ACTIVITY> For the entries that follow, restate word for word the line containing "Half bath features", the line containing "Nahaufnahme der abgerundeten", and every line that lies between them.

Stored data entries>
----
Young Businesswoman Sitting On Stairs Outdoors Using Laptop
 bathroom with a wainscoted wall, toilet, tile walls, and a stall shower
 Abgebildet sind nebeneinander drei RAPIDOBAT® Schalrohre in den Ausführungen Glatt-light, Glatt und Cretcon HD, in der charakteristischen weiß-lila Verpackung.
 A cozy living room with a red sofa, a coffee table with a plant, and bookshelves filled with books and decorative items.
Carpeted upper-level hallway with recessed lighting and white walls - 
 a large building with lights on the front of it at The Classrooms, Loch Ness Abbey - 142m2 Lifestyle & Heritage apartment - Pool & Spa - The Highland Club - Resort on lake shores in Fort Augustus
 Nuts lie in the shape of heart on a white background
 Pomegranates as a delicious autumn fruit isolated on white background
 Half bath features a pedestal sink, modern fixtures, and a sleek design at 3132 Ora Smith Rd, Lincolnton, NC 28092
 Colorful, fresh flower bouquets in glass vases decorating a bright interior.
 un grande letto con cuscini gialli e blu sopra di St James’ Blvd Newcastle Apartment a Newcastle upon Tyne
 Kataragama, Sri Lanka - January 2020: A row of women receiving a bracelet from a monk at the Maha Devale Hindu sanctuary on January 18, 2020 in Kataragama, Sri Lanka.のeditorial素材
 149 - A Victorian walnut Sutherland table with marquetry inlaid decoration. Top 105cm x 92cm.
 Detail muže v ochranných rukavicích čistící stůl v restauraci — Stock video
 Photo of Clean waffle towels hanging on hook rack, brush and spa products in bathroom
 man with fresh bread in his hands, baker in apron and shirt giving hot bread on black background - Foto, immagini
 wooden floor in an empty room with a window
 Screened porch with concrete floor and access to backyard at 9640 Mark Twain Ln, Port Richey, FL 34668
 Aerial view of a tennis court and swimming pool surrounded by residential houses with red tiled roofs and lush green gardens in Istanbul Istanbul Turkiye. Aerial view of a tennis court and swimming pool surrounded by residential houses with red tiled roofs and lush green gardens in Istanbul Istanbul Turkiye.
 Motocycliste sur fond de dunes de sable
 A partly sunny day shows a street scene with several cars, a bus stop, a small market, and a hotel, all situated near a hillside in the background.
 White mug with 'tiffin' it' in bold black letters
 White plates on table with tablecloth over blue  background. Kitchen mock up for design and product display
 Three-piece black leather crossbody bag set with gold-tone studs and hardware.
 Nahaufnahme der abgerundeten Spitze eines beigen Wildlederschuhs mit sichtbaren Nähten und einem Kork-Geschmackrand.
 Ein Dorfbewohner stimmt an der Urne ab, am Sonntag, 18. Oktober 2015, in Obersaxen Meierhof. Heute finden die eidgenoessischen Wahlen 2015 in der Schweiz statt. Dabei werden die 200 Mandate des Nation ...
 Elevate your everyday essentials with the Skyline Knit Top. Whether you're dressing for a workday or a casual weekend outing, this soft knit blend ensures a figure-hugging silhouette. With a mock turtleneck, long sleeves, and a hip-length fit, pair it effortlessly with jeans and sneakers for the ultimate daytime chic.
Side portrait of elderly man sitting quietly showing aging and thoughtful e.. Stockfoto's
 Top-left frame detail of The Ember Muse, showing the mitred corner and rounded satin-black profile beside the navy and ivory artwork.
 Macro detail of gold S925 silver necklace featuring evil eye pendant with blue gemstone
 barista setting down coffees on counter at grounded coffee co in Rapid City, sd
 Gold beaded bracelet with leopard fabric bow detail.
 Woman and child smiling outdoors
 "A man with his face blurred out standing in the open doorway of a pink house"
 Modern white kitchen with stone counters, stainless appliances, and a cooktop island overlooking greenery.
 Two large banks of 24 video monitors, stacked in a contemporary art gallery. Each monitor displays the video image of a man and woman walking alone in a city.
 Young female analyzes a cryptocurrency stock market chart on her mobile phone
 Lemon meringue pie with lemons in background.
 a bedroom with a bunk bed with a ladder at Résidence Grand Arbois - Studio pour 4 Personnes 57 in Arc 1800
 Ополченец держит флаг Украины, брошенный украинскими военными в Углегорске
----
ANSWER TO THIS EXERCISE>
 Half bath features a pedestal sink, modern fixtures, and a sleek design at 3132 Ora Smith Rd, Lincolnton, NC 28092
 Colorful, fresh flower bouquets in glass vases decorating a bright interior.
 un grande letto con cuscini gialli e blu sopra di St James’ Blvd Newcastle Apartment a Newcastle upon Tyne
 Kataragama, Sri Lanka - January 2020: A row of women receiving a bracelet from a monk at the Maha Devale Hindu sanctuary on January 18, 2020 in Kataragama, Sri Lanka.のeditorial素材
 149 - A Victorian walnut Sutherland table with marquetry inlaid decoration. Top 105cm x 92cm.
 Detail muže v ochranných rukavicích čistící stůl v restauraci — Stock video
 Photo of Clean waffle towels hanging on hook rack, brush and spa products in bathroom
 man with fresh bread in his hands, baker in apron and shirt giving hot bread on black background - Foto, immagini
 wooden floor in an empty room with a window
 Screened porch with concrete floor and access to backyard at 9640 Mark Twain Ln, Port Richey, FL 34668
 Aerial view of a tennis court and swimming pool surrounded by residential houses with red tiled roofs and lush green gardens in Istanbul Istanbul Turkiye. Aerial view of a tennis court and swimming pool surrounded by residential houses with red tiled roofs and lush green gardens in Istanbul Istanbul Turkiye.
 Motocycliste sur fond de dunes de sable
 A partly sunny day shows a street scene with several cars, a bus stop, a small market, and a hotel, all situated near a hillside in the background.
 White mug with 'tiffin' it' in bold black letters
 White plates on table with tablecloth over blue  background. Kitchen mock up for design and product display
 Three-piece black leather crossbody bag set with gold-tone studs and hardware.
 Nahaufnahme der abgerundeten Spitze eines beigen Wildlederschuhs mit sichtbaren Nähten und einem Kork-Geschmackrand.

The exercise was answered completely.